Ainda na Europa, as reflexões e notas de Frederico, o Grande (1712–1786), da Alemanha/Prússia, foram publicadas algumas vezes, enquanto na Suécia e Noruega, o rei Oscar II (1829–1907), que governou ambos os países, escreveu relatos de viagem e ensaios, publicados em sueco.

Na Ásia, também há exemplos de diários de monarcas. O imperador Meiji (1852–1912), do Japão, registrou e mandou registrar suas viagens pelo próprio país. Os relatos foram feitos durantes períodos de modernização e centralização do império. As informações foram organizadas e publicadas em crônicas e coleções oficiais. O imperador Hirohito (1901–1989) também fazia diários, com observações de viagens oficiais e científicas – ele se interessava por biologia marinha.

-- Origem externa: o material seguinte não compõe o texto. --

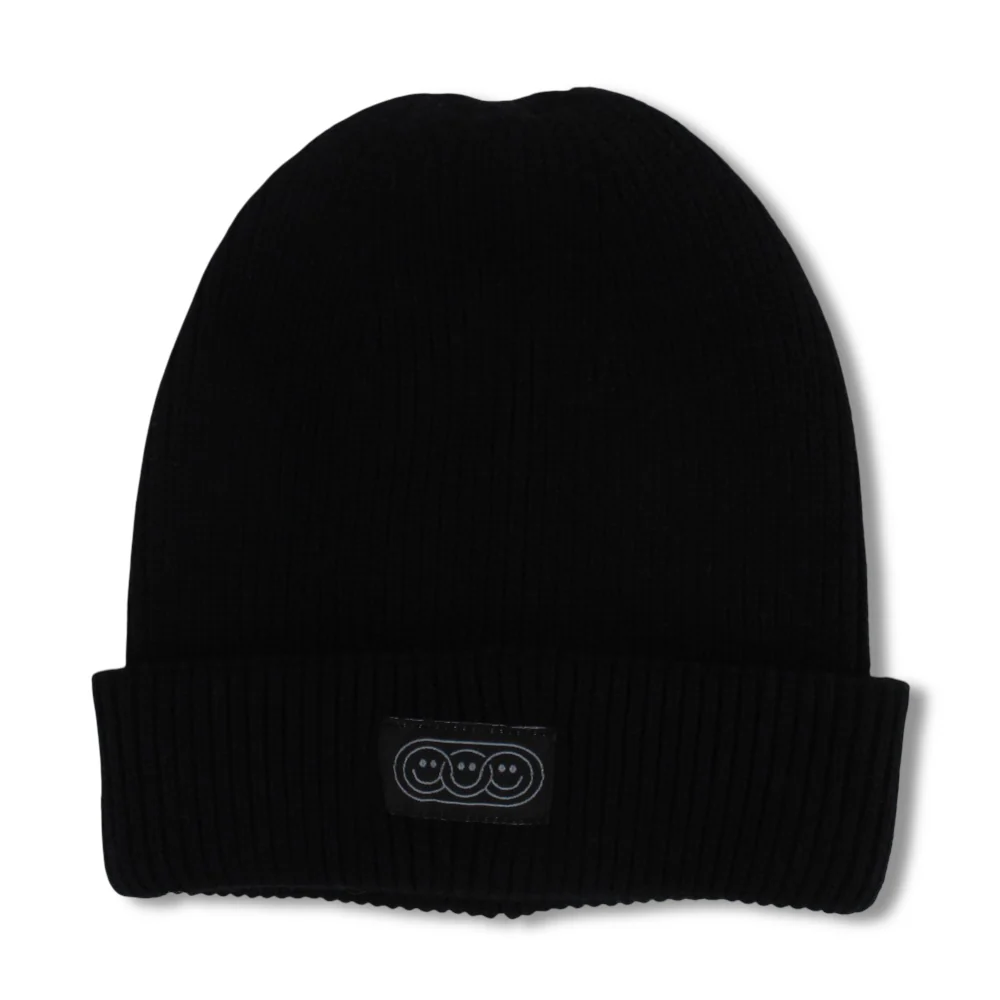 Unisex Cozy Blend Ice Cap – Black with Triple Smiley Vibes - Image 10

(poema de dom Pedro II sobre o golpe republicano)
Ingratos
Não maldigo o rigor da iníqua sorte,
Por mais atroz que fosse e sem piedade,
Arrancando-me o trono e a majestade,
Quando a dous passos só estou da morte.

Do jogo das paixões minha alma forte
Conhece bem a estulta variedade,
Que hoje nos dá contínua f’licidade
E amanhã nem um bem que nos conforte.

Mas a dor que excrucia e que maltrata,
A dor cruel que o ânimo deplora,
Que fere o coração e pronto mata,

É ver na mão cuspir a extrema hora
A mesma boca aduladora e ingrata,
Que tantos beijos nela pôs outrora.

Livros
ALCÂNTARA, Pedro de. Poesias completas de D. Pedro II (Originais e traduções. Sonetos do exílio. Autênticas e apócrifas). Coleção e organização de Medeiros e Albuquerque. Rio de Janeiro: Editora Guanabara, 1932.
DELIE, M.; BECHARD, E. De volta à luz: Fotografias nunca vistas do Imperador. São Paulo: Banco Santos; Rio de Janeiro: Fundação Biblioteca Nacional, 2003.
VIANA, Hélio. D. Pedro I e d. Pedro II: acréscimos às suas biografias. São Paulo: Companhia Editora Nacional, 1966.